(Dataset entries)
>>>

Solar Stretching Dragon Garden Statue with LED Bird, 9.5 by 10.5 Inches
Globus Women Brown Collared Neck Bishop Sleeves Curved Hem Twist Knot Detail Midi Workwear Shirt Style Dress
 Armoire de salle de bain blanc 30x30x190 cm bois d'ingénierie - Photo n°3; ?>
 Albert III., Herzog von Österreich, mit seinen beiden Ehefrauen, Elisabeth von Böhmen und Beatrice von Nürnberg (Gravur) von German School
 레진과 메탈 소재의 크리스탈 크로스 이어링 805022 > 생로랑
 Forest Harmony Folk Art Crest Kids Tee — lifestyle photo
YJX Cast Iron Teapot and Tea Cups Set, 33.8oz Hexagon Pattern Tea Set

<<<

• **Assignment**: Copy the lines above exactly. Start with the line containing "Globus Women Brown", end with the line containing "레진과 메탈 소재의 크리스탈 크로스 이어링 805022 > 생로랑", and include both.

• **Response to this exercise**:
Globus Women Brown Collared Neck Bishop Sleeves Curved Hem Twist Knot Detail Midi Workwear Shirt Style Dress
 Armoire de salle de bain blanc 30x30x190 cm bois d'ingénierie - Photo n°3; ?>
 Albert III., Herzog von Österreich, mit seinen beiden Ehefrauen, Elisabeth von Böhmen und Beatrice von Nürnberg (Gravur) von German School
 레진과 메탈 소재의 크리스탈 크로스 이어링 805022 > 생로랑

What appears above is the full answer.